◆ **WORK TO COMPLETE**
Retype, exactly as they appear below, the lines between the line holding "光明新区无隐藏费用贷款，透明金融，安心借贷" and the line holding "1 pcs x EAO", both ends included.

◆ **GIVEN INFORMATION**

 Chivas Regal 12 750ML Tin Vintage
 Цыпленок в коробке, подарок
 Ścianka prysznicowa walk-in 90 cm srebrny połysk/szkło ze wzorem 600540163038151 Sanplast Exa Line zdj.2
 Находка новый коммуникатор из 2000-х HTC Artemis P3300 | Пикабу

...

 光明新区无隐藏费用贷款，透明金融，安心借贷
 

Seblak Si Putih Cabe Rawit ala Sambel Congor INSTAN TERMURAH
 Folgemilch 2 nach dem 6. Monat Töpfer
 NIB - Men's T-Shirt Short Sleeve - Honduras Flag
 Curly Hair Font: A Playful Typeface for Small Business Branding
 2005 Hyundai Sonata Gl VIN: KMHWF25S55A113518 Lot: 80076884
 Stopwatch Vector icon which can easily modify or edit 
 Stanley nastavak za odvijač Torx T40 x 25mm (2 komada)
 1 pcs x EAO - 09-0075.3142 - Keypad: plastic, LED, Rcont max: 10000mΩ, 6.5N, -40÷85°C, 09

...

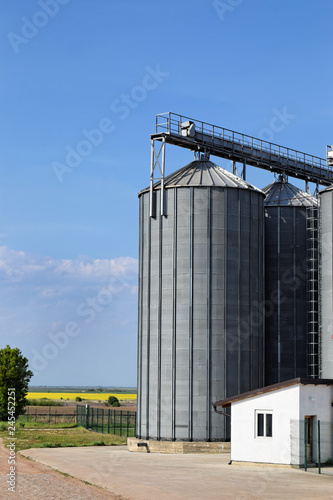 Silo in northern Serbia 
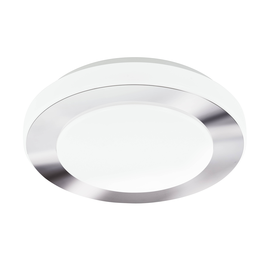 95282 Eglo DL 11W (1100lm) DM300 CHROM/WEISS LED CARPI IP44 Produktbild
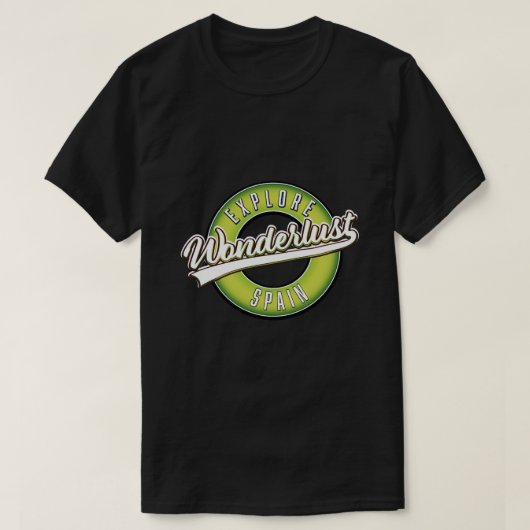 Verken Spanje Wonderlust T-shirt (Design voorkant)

◆ **TASK OUTPUT**
 光明新区无隐藏费用贷款，透明金融，安心借贷
 

Seblak Si Putih Cabe Rawit ala Sambel Congor INSTAN TERMURAH
 Folgemilch 2 nach dem 6. Monat Töpfer
 NIB - Men's T-Shirt Short Sleeve - Honduras Flag
 Curly Hair Font: A Playful Typeface for Small Business Branding
 2005 Hyundai Sonata Gl VIN: KMHWF25S55A113518 Lot: 80076884
 Stopwatch Vector icon which can easily modify or edit 
 Stanley nastavak za odvijač Torx T40 x 25mm (2 komada)
 1 pcs x EAO - 09-0075.3142 - Keypad: plastic, LED, Rcont max: 10000mΩ, 6.5N, -40÷85°C, 09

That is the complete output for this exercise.